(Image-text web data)
▼▼▼

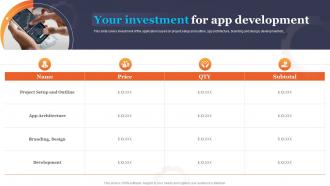 Your Investment For App Development Shopping App Development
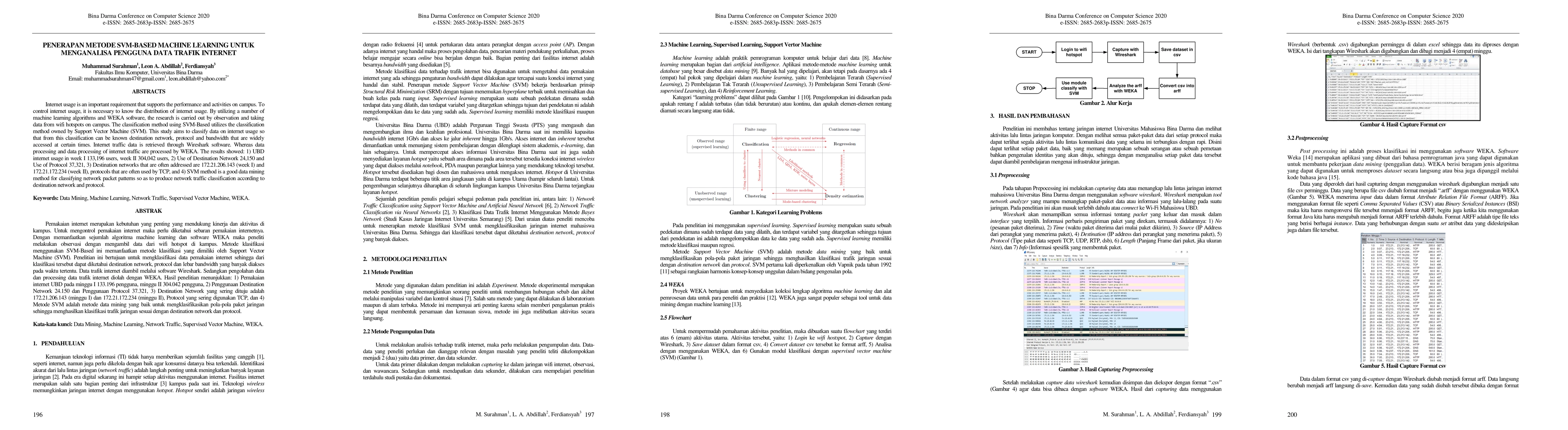 Thumbnail for Penerapan Metode SVM-Based Machine Learning Untuk Menganalisa Pengguna
  Data Trafik Internet (Studi Kasus Jaringan Internet Wlan Mahasiswa Bina
  Darma)
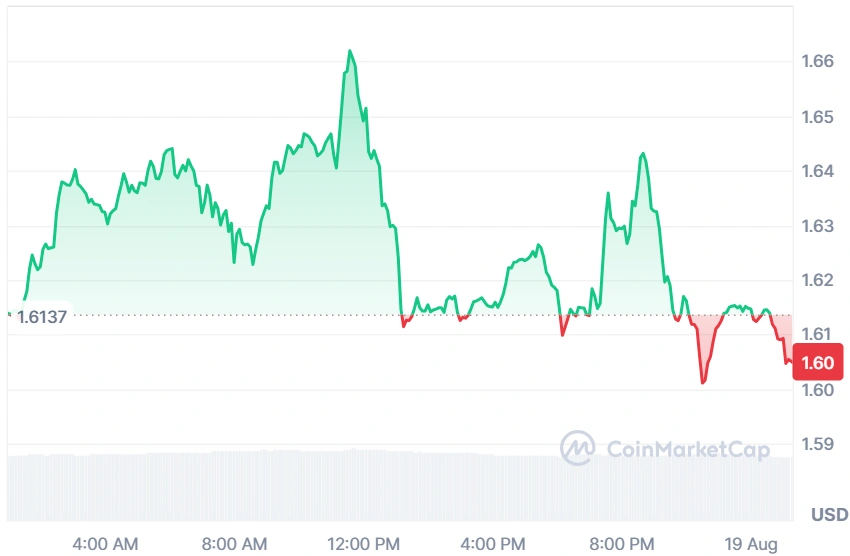 NEAR current price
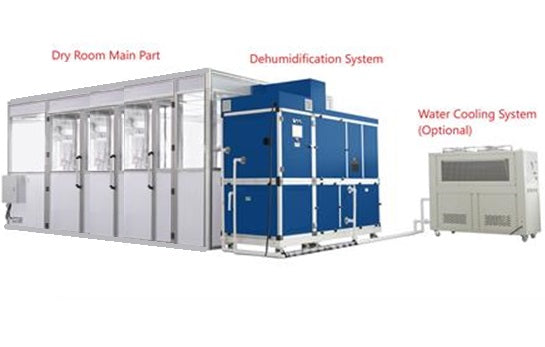 Movable Small Dry Room (100 SF) With Self-Cleaning Tunnel-MSK-ADR-1500EP40-LD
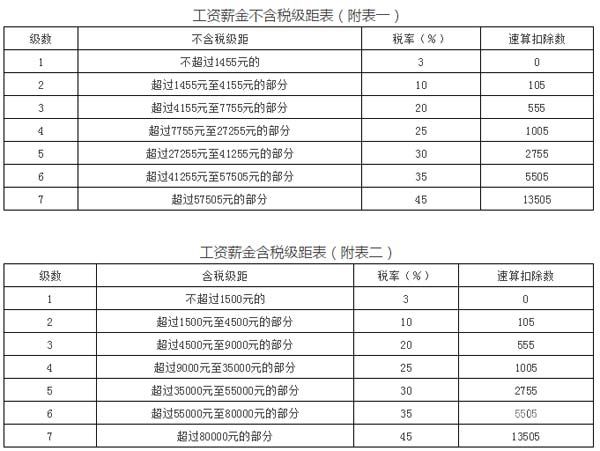 个人所得税怎么看前几年的（个人所得税怎么看前几年的工资明细）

▲▲▲

### Task directions
Each line of the records above must be repeated exactly, but no picture belongs in the copy.

### Answer space
 Your Investment For App Development Shopping App Development
 Thumbnail for Penerapan Metode SVM-Based Machine Learning Untuk Menganalisa Pengguna
  Data Trafik Internet (Studi Kasus Jaringan Internet Wlan Mahasiswa Bina
  Darma)
 NEAR current price
 Movable Small Dry Room (100 SF) With Self-Cleaning Tunnel-MSK-ADR-1500EP40-LD
 个人所得税怎么看前几年的（个人所得税怎么看前几年的工资明细）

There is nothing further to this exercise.